Frank Heckenbach wrote:
> Lennart Thelander wrote:
> 
>> I disagree somewhat.
>> In this case the '-' is a unary operator, not an additive operator. A unary
>> operator should evaluate before any other operator, at least in this case.
>> The -10 should evaluate immediately as the simple value it is. Then the mod
>> operator is evaluated.
>> So you should not have to put any parenthesis around -10 to obtain the
>> correct result. 
> 
> Well, that's your personal opinion which is shared by C and related
> languages, including Borland Pascal.
> 
> But Adriaan explicitly asked about standard Pascal which follows the
> mathematical convention (see ISO 7185, 6.7.1) where there's no
> special priority of unary operators, e.g. in mathematics -2^2 equals
> -4, not 4.

You are right.

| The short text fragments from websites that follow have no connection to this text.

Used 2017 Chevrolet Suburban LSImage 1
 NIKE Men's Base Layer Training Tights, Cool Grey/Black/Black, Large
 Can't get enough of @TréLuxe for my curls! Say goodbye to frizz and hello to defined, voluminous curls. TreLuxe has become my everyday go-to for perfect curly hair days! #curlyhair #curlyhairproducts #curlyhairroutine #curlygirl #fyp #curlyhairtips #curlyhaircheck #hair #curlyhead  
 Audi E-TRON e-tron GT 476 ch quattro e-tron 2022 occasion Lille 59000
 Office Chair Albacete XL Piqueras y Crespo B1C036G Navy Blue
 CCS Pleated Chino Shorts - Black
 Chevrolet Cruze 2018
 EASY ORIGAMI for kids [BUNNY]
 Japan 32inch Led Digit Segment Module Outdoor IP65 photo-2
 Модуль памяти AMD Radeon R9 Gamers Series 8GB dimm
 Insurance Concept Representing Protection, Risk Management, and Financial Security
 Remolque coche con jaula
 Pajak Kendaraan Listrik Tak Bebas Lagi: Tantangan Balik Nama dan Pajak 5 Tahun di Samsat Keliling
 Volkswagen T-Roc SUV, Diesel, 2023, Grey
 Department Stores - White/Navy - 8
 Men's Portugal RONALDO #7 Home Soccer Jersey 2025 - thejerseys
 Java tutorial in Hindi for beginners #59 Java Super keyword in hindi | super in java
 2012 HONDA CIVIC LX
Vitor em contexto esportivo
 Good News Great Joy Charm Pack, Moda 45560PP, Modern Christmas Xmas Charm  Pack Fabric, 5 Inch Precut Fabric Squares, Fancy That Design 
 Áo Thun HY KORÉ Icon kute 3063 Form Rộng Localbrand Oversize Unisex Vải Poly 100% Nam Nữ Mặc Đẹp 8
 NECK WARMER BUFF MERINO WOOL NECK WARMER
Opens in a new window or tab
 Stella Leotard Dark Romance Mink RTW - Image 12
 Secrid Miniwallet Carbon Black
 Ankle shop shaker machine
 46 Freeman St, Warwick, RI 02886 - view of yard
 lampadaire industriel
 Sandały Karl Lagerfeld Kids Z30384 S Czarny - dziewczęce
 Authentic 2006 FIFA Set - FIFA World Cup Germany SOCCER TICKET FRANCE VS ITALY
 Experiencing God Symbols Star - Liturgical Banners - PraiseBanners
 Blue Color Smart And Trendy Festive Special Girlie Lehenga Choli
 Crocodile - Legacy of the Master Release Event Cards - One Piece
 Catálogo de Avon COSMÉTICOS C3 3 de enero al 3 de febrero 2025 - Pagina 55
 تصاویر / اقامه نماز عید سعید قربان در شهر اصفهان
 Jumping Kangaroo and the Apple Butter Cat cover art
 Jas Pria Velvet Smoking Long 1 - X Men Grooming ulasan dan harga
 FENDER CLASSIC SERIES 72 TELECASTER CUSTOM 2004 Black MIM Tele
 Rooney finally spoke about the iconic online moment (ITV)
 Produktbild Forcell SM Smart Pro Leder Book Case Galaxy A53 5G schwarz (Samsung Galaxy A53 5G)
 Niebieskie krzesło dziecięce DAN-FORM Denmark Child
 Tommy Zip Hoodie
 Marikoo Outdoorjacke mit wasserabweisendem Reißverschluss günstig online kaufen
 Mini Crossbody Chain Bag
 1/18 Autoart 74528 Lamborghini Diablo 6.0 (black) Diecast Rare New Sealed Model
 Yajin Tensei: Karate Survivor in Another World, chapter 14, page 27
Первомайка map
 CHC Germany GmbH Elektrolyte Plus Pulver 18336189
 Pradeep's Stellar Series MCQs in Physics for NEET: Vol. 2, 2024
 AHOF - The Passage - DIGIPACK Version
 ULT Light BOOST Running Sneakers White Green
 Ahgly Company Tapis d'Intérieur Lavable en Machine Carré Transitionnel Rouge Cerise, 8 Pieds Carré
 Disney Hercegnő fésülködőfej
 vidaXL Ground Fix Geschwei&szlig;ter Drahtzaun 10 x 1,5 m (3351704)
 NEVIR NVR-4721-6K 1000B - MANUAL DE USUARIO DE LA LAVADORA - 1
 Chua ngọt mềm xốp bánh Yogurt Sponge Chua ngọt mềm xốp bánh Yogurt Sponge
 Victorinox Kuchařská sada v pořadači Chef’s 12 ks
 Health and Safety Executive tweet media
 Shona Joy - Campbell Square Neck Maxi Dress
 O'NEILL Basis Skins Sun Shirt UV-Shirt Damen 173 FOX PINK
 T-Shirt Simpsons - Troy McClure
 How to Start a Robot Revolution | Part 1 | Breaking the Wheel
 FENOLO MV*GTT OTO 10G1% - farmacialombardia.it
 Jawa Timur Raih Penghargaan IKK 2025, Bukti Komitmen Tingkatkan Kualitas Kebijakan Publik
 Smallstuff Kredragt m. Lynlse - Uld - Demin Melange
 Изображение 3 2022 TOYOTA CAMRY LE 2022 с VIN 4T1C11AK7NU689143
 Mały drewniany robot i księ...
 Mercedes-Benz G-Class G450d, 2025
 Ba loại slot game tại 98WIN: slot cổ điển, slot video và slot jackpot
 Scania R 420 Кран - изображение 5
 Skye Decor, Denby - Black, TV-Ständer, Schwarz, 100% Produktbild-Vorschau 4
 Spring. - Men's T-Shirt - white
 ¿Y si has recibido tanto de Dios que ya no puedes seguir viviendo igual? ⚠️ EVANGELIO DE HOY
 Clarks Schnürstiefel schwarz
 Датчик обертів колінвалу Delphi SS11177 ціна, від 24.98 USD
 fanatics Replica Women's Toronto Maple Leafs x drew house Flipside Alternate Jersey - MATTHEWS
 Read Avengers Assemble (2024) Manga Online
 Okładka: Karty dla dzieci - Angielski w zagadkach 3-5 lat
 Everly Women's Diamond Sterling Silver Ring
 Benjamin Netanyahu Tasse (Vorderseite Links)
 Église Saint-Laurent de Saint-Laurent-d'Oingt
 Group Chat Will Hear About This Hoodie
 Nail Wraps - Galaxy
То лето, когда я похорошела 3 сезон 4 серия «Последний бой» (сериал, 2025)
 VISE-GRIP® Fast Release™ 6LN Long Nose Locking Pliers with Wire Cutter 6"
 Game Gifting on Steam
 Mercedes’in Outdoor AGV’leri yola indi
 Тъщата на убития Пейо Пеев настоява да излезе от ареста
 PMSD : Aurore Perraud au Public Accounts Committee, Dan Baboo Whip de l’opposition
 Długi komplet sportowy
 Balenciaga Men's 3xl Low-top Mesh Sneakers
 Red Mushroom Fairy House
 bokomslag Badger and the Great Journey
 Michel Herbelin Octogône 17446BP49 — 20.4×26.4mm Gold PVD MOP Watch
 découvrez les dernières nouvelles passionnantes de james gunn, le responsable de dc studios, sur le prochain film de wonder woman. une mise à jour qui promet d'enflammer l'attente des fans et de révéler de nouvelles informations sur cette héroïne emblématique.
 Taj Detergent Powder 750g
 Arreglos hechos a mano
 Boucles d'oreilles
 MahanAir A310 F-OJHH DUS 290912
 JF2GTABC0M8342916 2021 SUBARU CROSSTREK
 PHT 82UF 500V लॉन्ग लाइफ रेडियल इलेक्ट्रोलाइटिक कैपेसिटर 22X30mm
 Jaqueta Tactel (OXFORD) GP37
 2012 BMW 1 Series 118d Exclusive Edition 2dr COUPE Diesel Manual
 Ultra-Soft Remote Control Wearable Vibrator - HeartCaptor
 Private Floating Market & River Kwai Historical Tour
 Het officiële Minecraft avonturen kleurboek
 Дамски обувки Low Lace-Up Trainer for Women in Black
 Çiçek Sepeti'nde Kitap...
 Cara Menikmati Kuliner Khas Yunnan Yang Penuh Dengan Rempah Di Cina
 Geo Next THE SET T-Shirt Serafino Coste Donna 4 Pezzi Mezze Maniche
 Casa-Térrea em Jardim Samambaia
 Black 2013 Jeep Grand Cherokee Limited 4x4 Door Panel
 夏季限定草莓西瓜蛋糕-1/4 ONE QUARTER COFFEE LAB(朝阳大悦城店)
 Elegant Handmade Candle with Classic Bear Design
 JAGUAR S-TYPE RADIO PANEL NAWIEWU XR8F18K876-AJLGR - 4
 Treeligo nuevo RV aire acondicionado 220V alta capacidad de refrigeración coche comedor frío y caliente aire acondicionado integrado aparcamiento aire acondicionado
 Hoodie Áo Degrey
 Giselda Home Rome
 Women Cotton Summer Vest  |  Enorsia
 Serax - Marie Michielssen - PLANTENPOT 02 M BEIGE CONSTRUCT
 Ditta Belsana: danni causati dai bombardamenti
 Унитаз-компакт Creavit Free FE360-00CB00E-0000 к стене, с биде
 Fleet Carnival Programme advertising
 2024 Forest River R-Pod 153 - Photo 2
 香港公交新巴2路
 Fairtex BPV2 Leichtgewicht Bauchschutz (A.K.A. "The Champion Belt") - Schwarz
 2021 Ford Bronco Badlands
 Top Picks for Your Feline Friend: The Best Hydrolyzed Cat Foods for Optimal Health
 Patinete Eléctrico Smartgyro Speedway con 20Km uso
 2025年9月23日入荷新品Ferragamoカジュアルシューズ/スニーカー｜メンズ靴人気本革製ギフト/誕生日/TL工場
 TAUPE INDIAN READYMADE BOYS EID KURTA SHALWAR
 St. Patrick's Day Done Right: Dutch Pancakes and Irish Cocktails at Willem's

But I wonder how many Pascal programmers are wrong here.... It is very tricky. What 
about a compiler warning ?

Another example:

program unary;
begin
   writeln( -2 shr 1)
end.

[P18:~] adriaan% gp --borland-pascal unary.pas
[P18:~] adriaan% ./unary
-1

[P18:~] adriaan% fpc -Mtp unary.pas
Free Pascal Compiler version 2.5.1 [2010/10/19] for i386
Copyright (c) 1993-2010 by Florian Klaempfl
Target OS: Darwin for i386
Compiling unary.pas
Assembling unary
Linking unary
6 lines compiled, 0.1 sec
[P18:~] adriaan% ./unary
9223372036854775807

Regards,

Adriaan van Os